PCI’s suit was submitted by Rowe W. Snider of Locke Lord LLP in Chicago. He and his colleague, Ashlee M. Knuckey, are listed as of counsel in the suit, which shows that five attorneys at Wilmer, Cutler, Pickering, Hale and Dorr LLP in Washington D.C. are also representing the trade group.
PCI is an association that represents more than 1,000 member property and casualty insurers, who in 2012 wrote more than $190 billion in home insurance policies and accounted for almost one-third of all such policies written in every state in the U.S.
The complaint comes on the heels of HUD’s Feb. 15, 2013 decision to promulgate a new regulatory rule, issued under the federal Fair Housing Act, to address discrimination, whether intentional or not, in housing practices.
Among other practices, the new rule could also apply to the issuance of home insurance policies, compelling insurers to determine if their policies might be construed as discriminatory against federally-protected classes of people.
In its complaint, PCI argues that the new Disparate Impact Rule would essentially throw the business of underwriting and issuing home property and casualty insurance policies into chaos.
On top of other arguments, PCI asserts that the rule would undermine the actuarial determination of risk that forms the very basis by which insurers issue policies to and set rates for various homeowners.

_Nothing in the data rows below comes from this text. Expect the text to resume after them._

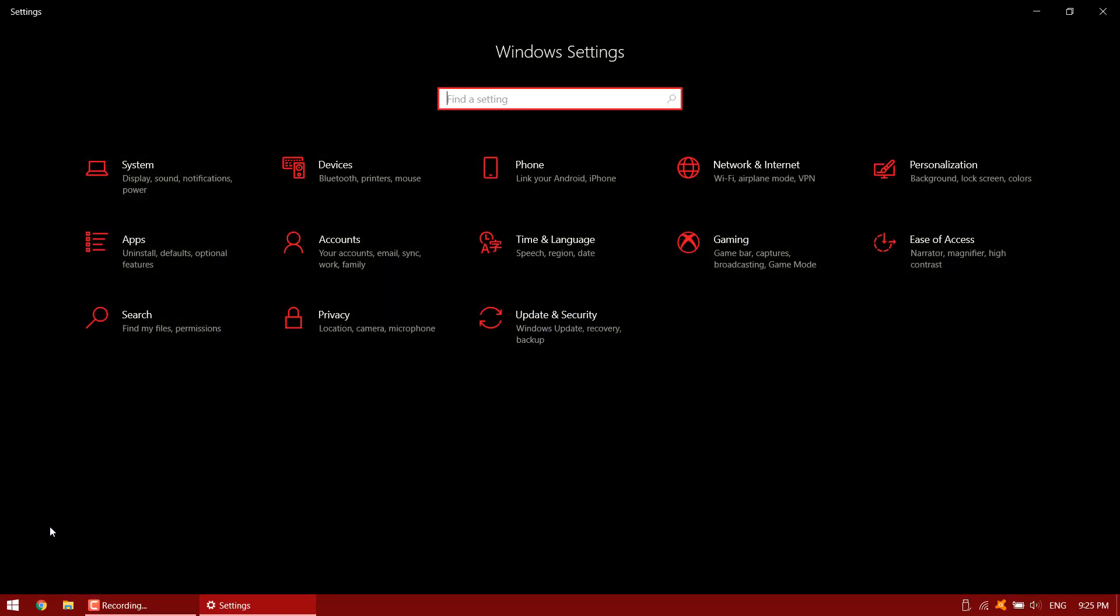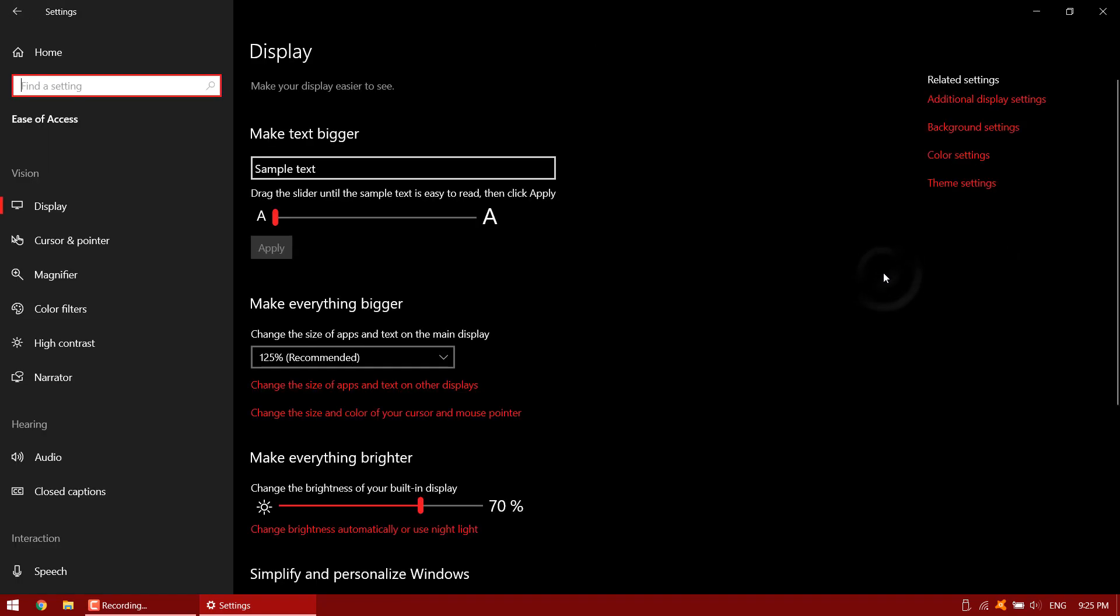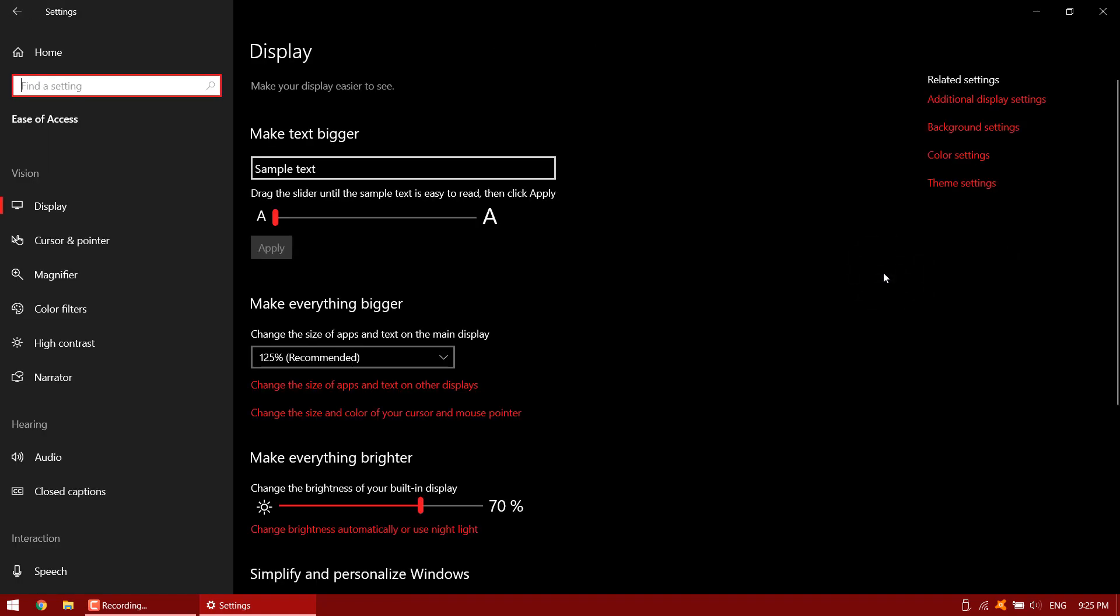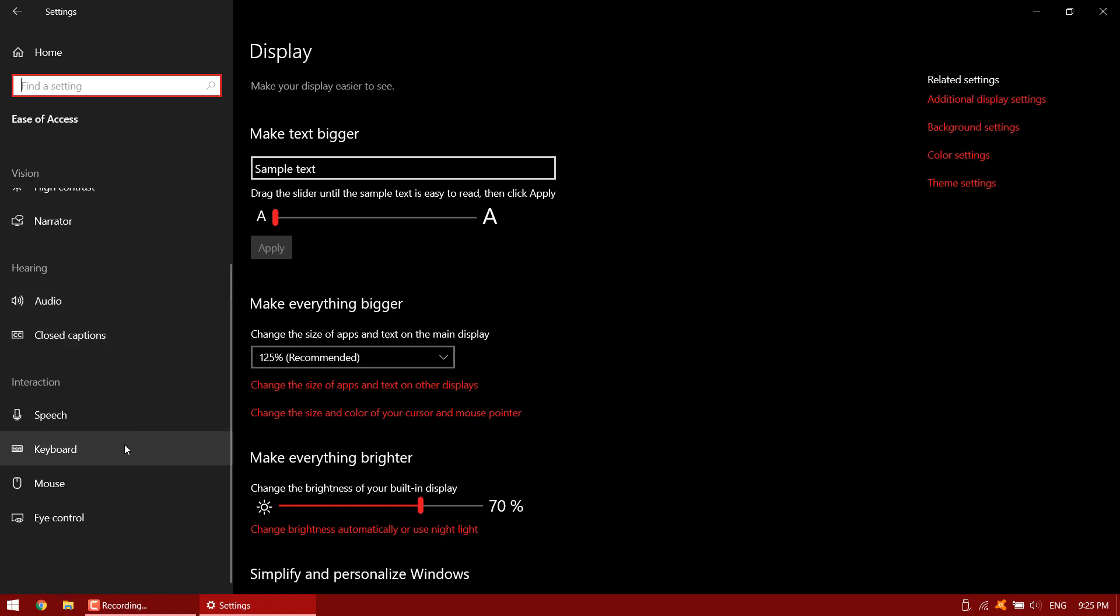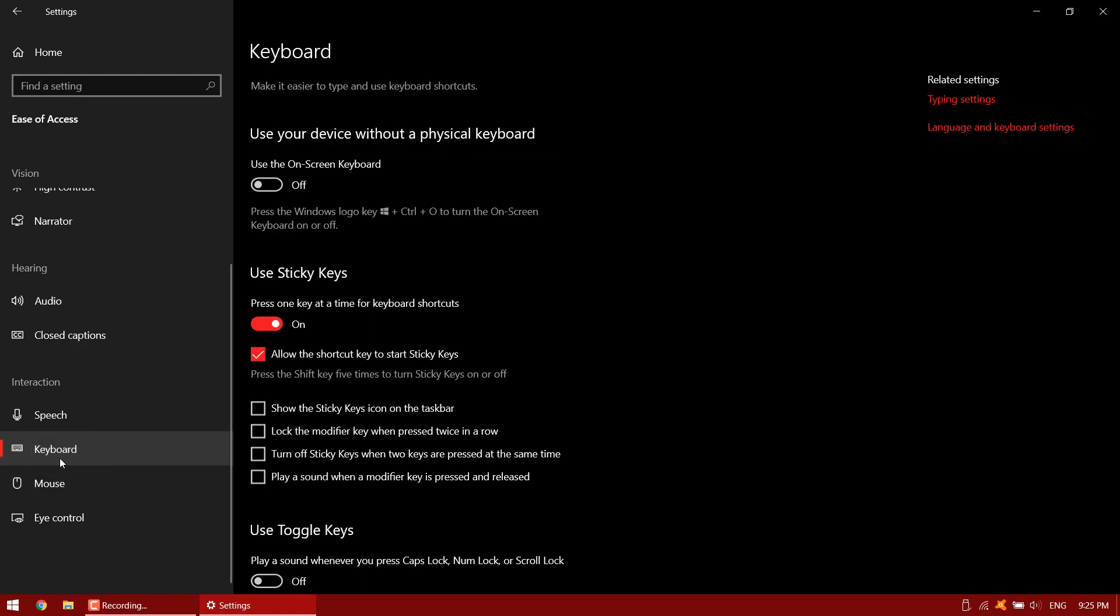Select ease of access. Then keyboard. Select keyboard. Scroll down and select the sticky keys toggle to set it to off. You can also disable the shortcut here.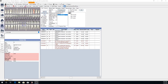To get started we're going to look here in the chart module where we can see procedures which are currently in treatment plan. By default these will show in red and also show the status of TP over here towards the middle next to the provider abbreviation.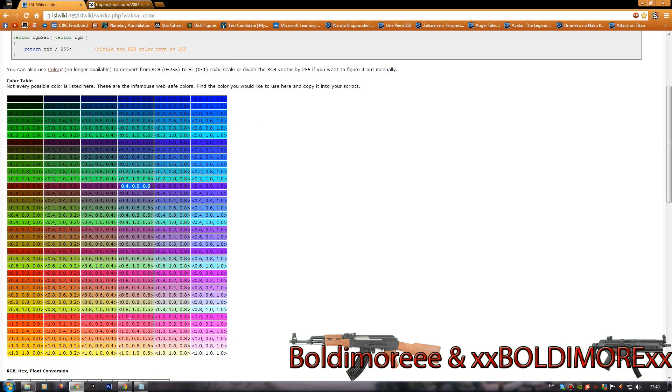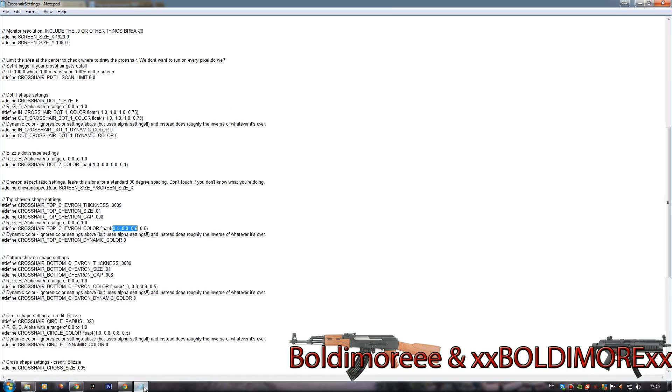For example, I want to change my color to this pink, so I need to copy this color and paste it here. Now I just need to save the file and that's it.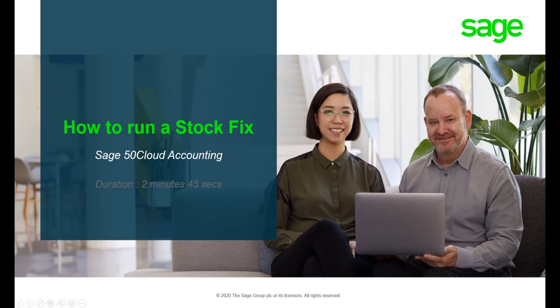Hello. Welcome to the Sage 50 Cloud Pastel how-to video. In this video we will demonstrate how to run a stock fix utility in Sage 50 Cloud Pastel.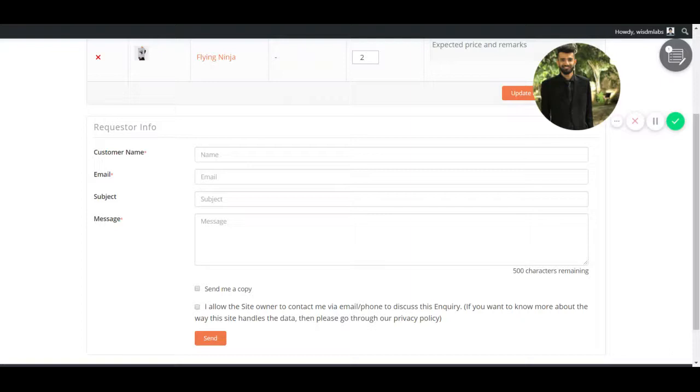But do you want to add more fields to the form? Do you want to get more information from your customers before you send them the quotation? Wisdom Product Inquiry Pro comes with an easy to use inbuilt dynamic form builder which lets you create custom forms as per your requirement.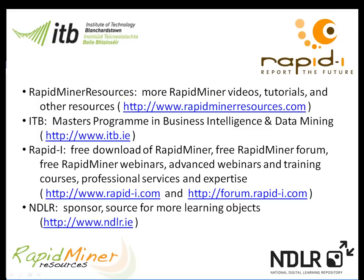For further information on RapidMiner please go to www.rapidminerresources.com or www.rapid-i.com. If you are interested in upskilling please go to www.itb.ie where you will find more information about our distance learning MSc in computing science in business intelligence and data mining. Many thanks to the Irish national digital learning repository for funding this video. Thank you.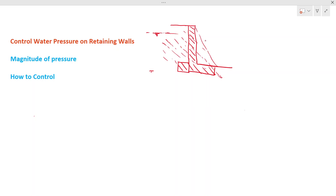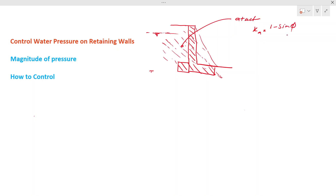Now let's see what is the magnitude of the soil pressure. When you design retaining walls, the soil pressure we consider is called active pressure. The active pressure coefficient Ka equals (1 minus sin φ) divided by (1 plus sin φ). This sin φ is the friction angle of the soil. Generally for this example we consider it as 30 degrees — the friction angle is about 30 degrees generally, though it differs depending on soil type.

In its complaint, PCI notes that such concerns were raised by itself and other insurance trade associations, including the National Association of Mutual Insurance Companies (NAMIC), during the comments period in the months leading up to HUD’s issuance of the final Disparate Impact Rule.
“To achieve a condition in which no statistical disparities exist in the average rate paid by different demographic groups, many if not most risk- based variables would have to be eliminated from the underwriting process,” NAMIC wrote in its comments to HUD. “In other words, to avoid creating a disparate impact, an insurer would have to charge everyone the same rate, regardless of risk.”
That, PCI contends, would have the effect of making insurance more expensive for everyone, and likely making it less available to all, even to prospective homeowners in the classes the rule was intended to help.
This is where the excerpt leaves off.